Pero vuelvo a adelantarme a los acontecimientos, como tantas veces me ocurre; lo reconozco, en este estado que habito, este no-lugar al que hoy llamaremos «hueco», las coordenadas del espacio y del tiempo se me enredan, como se enredan las algas en el canto entrecortado de las sirenas, como se enredan las palabras en el corpus indecible del lenguaje. Y no encuentro principio ni fin, ni cabo suelto que enlazar con aquel otro que quedó vacante en el aliento postrero de una frase inacabada (quizás en un artículo anterior de estos Territorios de fuga que vagan sonámbulos allende las fronteras).
O a lo mejor no, quizá lo esté haciendo bien en realidad y la única manera adecuada de encarar el análisis, comentario o lectura, o reseña, inmersión, artículo de esta novela sea precisamente así, colándonos por una rendija en medio mismo del camino que no vino de ninguna parte concreta ni acabará con el punto final de este artículo, como no acabó con el de la novela. Y de este modo entrar y salir de rendija en rendija, de hueco en hueco, como si fuera posible, quién sabe, con nuestro cuerpo o con nuestras palabras, cosernos a la novela y formar parte de la urdimbre de la literatura, una vez más, para darle esquinazo a lo real.
La escala de las mapas es la primera novela de Belén Gopegui. Después de esta obra no volvió a escribir nada que se le pareciera, por voluntad propia. Decidió que su cometido, su responsabilidad en relación a la sociedad, debía materializarse en novelas realistas de contenido manifiestamente político. Y a ello dedicó su inconmensurable talento, a escribir Tocarnos la cara, La conquista del aire, Lo real…, un tránsito tangible de lo voluble a lo sólido.

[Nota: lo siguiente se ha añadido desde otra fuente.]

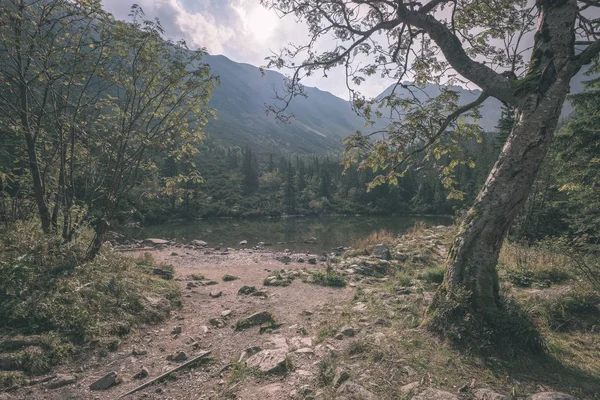 Старе Сухе Дерево Природі Літній Ліс Горами Фоні — стокове фото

Un tránsito que parte de una obra maestra hacia novelas que leer y de las que hablar en las tertulias de los ancianos bares progresistas.

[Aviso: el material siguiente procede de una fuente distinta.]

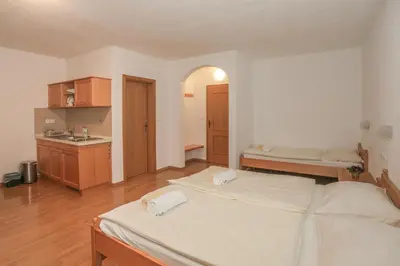 a bedroom with two beds and a sink in it at Farm Holidays Povsin in Bled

Cada escritor escoge su camino, y a los demás lo único que nos corresponde es disfrutar con aquello de lo que hicieron que echó raíces en nosotros. Y cómo agradecer los bosques que brotaron en mí de esas poderosas raíces. La escala de los mapas es uno de esos libros que puedes abrir al azar por cualquier página, cualquier día a cualquier hora, y disfrutar de la lectura de los párrafos que te asalten, sin más, como píldoras de literatura en riesgo de extinción, como joyas exóticas a las que temes que les dé la luz por que pierdan su esplendor. Vamos a hacerlo, abro el libro y leo: «Si me convocas, bordeas las trampas, malhieres el acuerdo de no bajar a tierra, de estar en los segundos como buques fantasmas que no atracarán nunca». Y nuevamente se concita el misterio, el milagro. La escala de los mapas es un dechado de placer estilístico; es la literatura, en mayúsculas, hecha carne. Y la razón de que esto sea así es sencillamente porque Sergio Prim, el protagonista, la necesita en su más alta expresión para acometer el imponente proyecto al que se ha arrojado. Hacedlo vosotros, os invito a abrir el libro, por cualquier página, escoged un fragmento al azar y deleitaros.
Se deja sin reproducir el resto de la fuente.